** TRY IT **
Below are some records. Write out exactly their lines from the one with "Image 2 of Copper" through the one with "Die sind offenbar", and leave the pictures behind.
^^^^
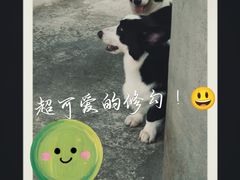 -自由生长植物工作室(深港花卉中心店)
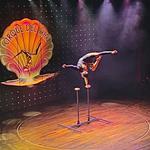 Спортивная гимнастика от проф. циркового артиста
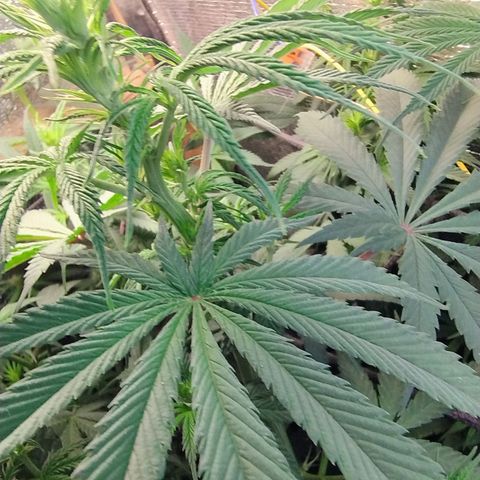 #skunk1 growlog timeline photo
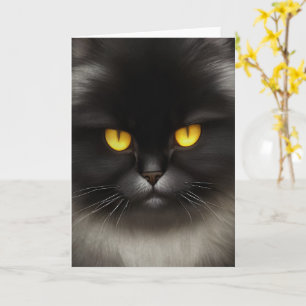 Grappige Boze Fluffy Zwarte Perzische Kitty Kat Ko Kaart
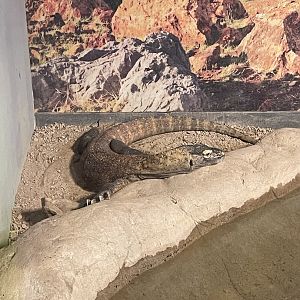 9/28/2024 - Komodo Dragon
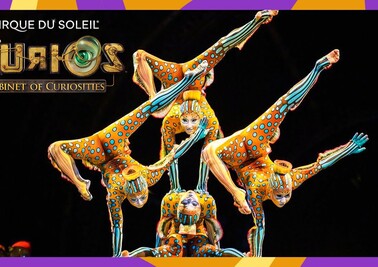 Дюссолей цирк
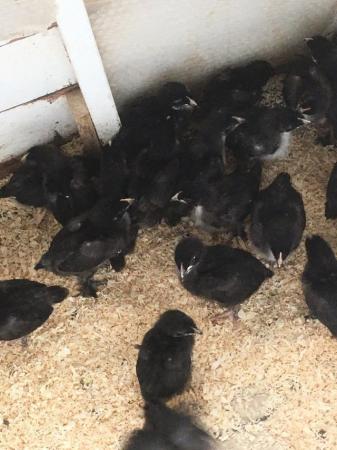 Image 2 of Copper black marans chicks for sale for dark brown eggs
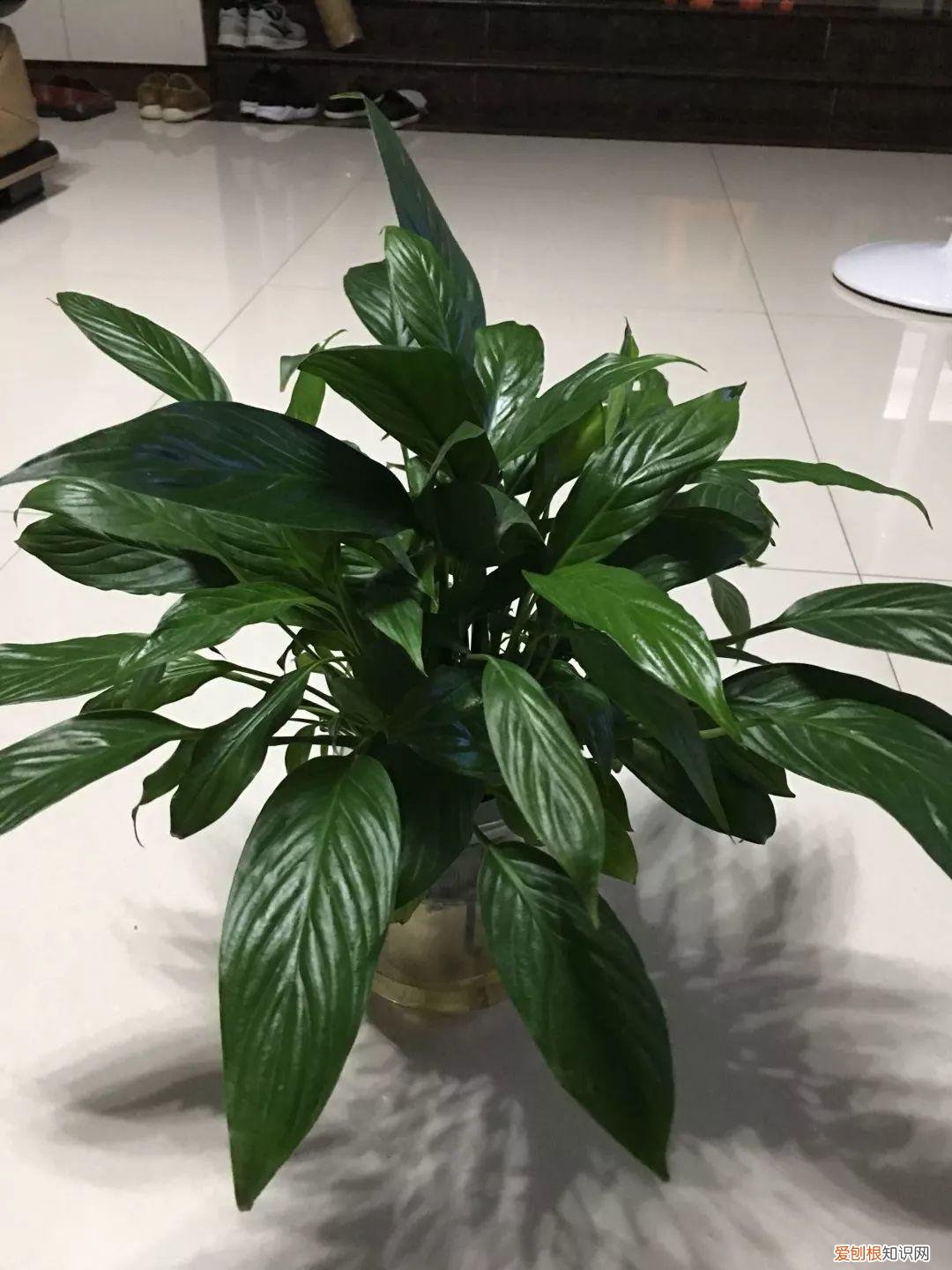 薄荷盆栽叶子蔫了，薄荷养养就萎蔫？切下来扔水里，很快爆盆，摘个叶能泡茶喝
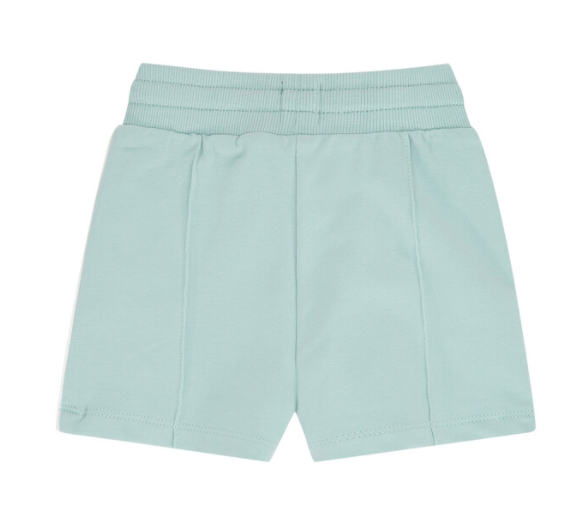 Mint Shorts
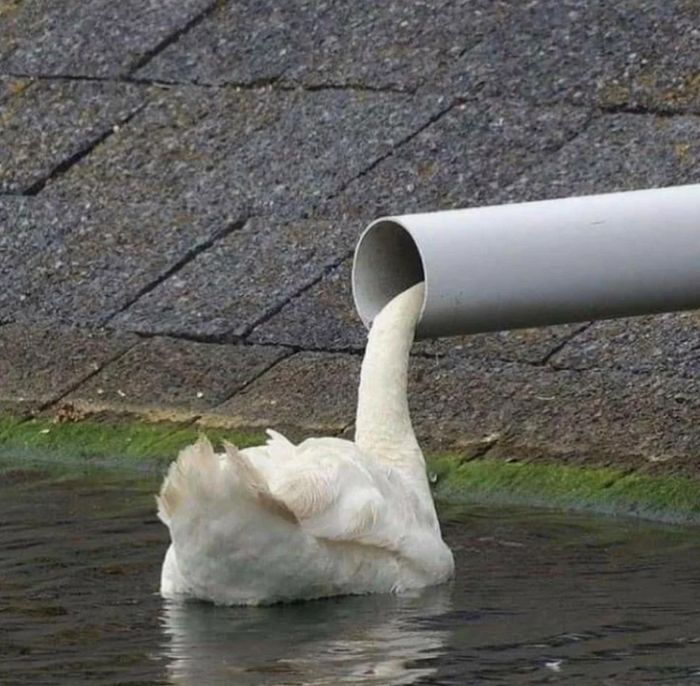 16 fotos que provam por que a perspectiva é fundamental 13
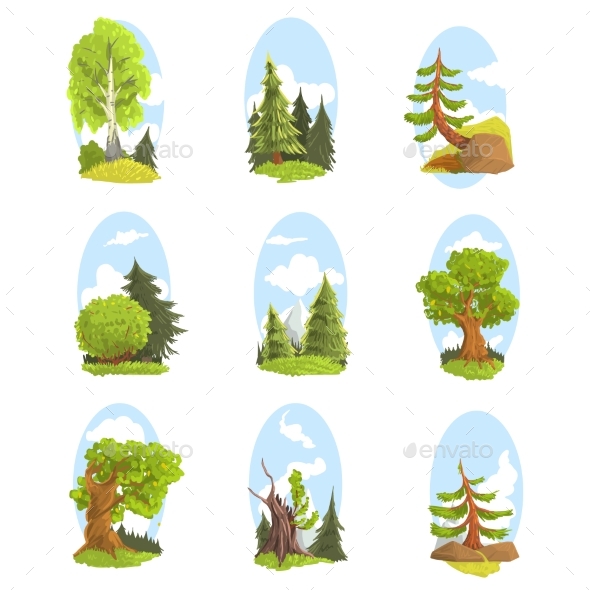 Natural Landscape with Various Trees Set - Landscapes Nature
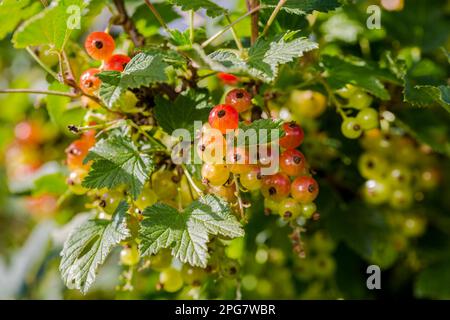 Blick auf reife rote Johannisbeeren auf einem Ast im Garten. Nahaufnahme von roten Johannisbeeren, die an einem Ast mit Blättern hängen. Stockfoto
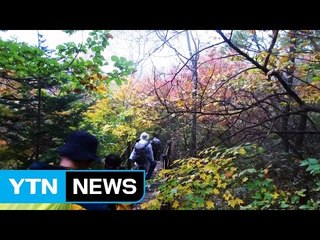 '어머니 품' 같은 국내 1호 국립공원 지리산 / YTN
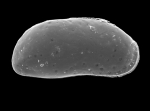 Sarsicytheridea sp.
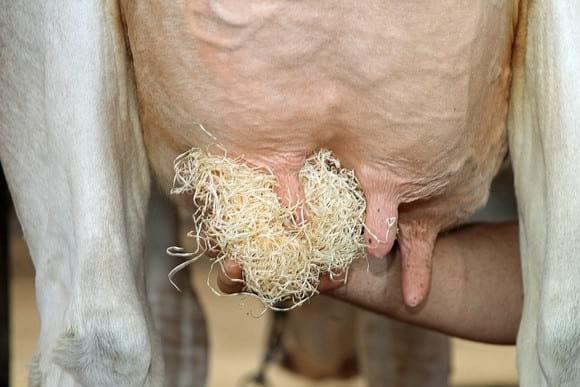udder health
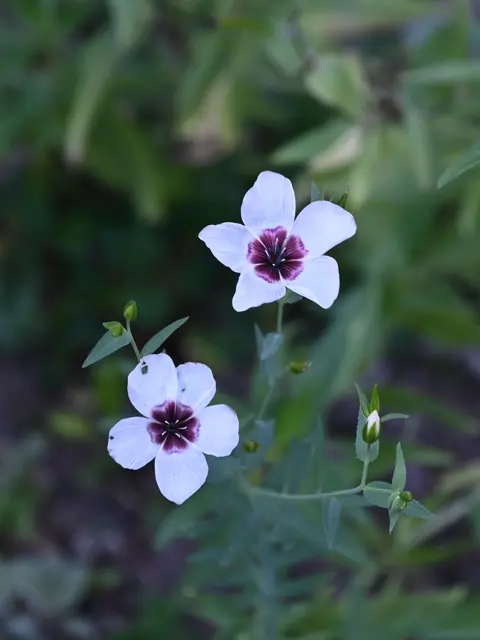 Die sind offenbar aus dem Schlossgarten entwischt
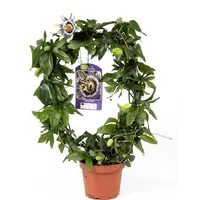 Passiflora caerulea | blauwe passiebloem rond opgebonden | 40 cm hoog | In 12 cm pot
^^^^
** TASK ANSWER **
 Image 2 of Copper black marans chicks for sale for dark brown eggs
 薄荷盆栽叶子蔫了，薄荷养养就萎蔫？切下来扔水里，很快爆盆，摘个叶能泡茶喝
 Mint Shorts
 16 fotos que provam por que a perspectiva é fundamental 13
 Natural Landscape with Various Trees Set - Landscapes Nature
 Blick auf reife rote Johannisbeeren auf einem Ast im Garten. Nahaufnahme von roten Johannisbeeren, die an einem Ast mit Blättern hängen. Stockfoto
 '어머니 품' 같은 국내 1호 국립공원 지리산 / YTN
 Sarsicytheridea sp.
udder health
 Die sind offenbar aus dem Schlossgarten entwischt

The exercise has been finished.